Inoltre, ”non avendo consapevolezza della patologia di cui Cucchi è affetto, venne pure a mancare da parte dei sanitari del reparto di medicina protetta dell’ospedale Sandro Pertini una adeguata e corretta informazione al paziente sul suo stato di salute e sulla prognosi a breve inevitabilmente infausta, nel caso egli avesse persistito nel rifiutare cibi e liquidi”. ‘Il medico – si legge nel documento – di fronte ad un paziente che rifiuti di nutrirsi e bere è grandemente coinvolto sotto il profilo deontologico ed etico; e lo è particolarmente quando il rifiuto è una forma di protesta del detenuto, che ritenga di non aver altro modo per far valere le proprie richieste”. ”Nello sciopero della fame – concludono i periti – la libertà di scelta, per essere libera, deve essere informata, vale a dire formarsi solo sulla scorta di una corretta ed esaustiva informazione da parte del medico”.

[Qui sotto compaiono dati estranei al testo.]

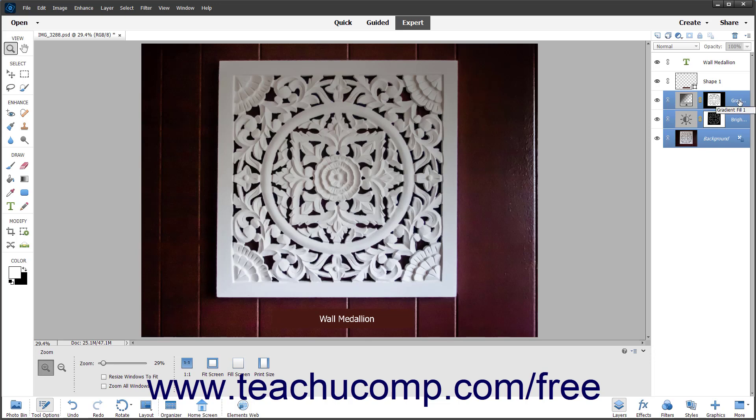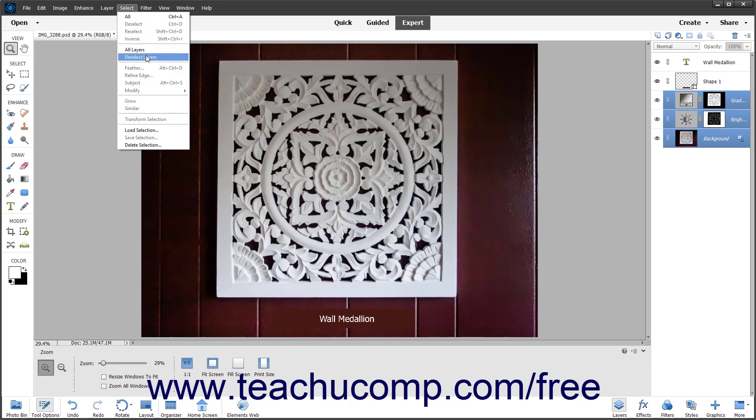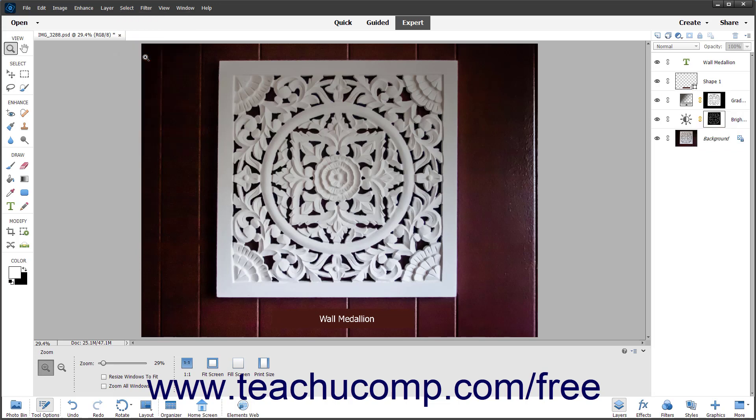To deselect selected layers, choose Select > Deselect Layers from the menu bar.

Quanto agli infermieri coinvolti (tre sono imputati) i periti milanesi sostengono che a loro carico ”non si individuano profili di responsabilità professionale che abbiano influito in qualche modo sulla evoluzione della patologia di Cucchi Stefano e che quindi ne abbiano in alcun modo condizionato il decesso”. I periti ribadiscono ”che gli infermieri segnalano gli eventi; certo vi sono criticità nel controllo della diuresi e di alcuni controlli di parametri clinici di base, non sempre condotti, né eseguiti con regolarità; ma disporre tipo e frequenza dei controlli e’ compito del medico, non dell’infermiere”.

Gli accertamenti, redatti dal gruppo di lavoro dell’Istituto Labanof di Milano, sono stati depositati oggi, una settimana prima della prossima udienza del processo che vede imputati sei medici, tre infermieri e tre agenti della polizia penitenziaria.